Although there are several pathways for advancement to FACP, my experience as Governor has been that successful Army internists are universally well qualified for advancement, in part because of the high quality of our people, and in part because of the many demands placed on Army internists early in their career development.

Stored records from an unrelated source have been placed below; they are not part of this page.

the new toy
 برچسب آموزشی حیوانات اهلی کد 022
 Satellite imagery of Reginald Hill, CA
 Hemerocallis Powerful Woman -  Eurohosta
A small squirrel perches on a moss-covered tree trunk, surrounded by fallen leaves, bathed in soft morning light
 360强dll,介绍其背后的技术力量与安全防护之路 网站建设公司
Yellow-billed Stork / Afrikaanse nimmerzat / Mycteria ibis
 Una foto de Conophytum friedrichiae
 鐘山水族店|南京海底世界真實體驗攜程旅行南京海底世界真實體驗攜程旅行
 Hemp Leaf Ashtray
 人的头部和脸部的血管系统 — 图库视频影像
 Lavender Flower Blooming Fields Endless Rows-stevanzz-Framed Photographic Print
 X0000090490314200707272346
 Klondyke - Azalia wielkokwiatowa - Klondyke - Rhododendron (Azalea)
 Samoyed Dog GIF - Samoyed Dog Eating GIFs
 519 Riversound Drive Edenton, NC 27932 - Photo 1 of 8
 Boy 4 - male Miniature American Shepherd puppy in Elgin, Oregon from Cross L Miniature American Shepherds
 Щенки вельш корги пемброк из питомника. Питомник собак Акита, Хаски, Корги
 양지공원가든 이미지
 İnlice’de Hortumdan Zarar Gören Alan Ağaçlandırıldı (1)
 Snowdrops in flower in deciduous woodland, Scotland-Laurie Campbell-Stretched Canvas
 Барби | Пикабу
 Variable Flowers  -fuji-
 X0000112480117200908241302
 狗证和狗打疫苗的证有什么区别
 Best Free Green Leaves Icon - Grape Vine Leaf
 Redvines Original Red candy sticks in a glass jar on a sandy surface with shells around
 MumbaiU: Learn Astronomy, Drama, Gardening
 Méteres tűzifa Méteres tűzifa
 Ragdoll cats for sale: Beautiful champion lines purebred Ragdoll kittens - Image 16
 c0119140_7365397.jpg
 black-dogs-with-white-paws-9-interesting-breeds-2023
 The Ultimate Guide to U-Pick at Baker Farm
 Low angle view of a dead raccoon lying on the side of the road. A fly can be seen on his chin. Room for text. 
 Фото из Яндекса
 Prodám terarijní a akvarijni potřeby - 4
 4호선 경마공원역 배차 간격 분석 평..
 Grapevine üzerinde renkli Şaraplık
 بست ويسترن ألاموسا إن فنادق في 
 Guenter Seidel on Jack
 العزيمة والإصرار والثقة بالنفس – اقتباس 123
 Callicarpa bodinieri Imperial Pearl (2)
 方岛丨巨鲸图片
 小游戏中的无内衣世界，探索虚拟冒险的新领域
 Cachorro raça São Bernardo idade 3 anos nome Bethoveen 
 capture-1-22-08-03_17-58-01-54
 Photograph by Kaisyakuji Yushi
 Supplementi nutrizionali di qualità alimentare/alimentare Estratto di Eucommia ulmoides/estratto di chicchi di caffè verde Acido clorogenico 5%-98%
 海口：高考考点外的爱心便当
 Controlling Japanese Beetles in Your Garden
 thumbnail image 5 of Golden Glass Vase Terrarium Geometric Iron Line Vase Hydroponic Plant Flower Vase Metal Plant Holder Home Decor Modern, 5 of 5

Please contact me if you have any questions about advancement to FACP, and if you are eligible, please submit your application. Packets can be obtained by calling ACP-ASIM at 1-800-523-1546, ext. 2600. The completed proposal will require 2 letters from present Fellows. After the package is collected at ACP-ASIM headquarters, I will write an endorsing letter. We have never had an Army proposal not go through... so please apply now!


Army Governor-Elect

COL Nathan Erteschik was appointed by LTG Blanck last winter to succeed me as Governor of the Army Chapter and will assume this role at the ACP-ASIM Annual Session in April 2001. COL Erteschik has also served as a superb consultant to the Surgeon General in Internal Medicine, and as Chief of Medicine at Fort Bragg.

I will have more about COL Erteschik in future newsletters.


Closing Words

It has been my pleasure to serve as your Governor, I look forward to seeing as many of you as possible in the future, in particular at Army and national ACP-ASIM meetings. Please keep in touch.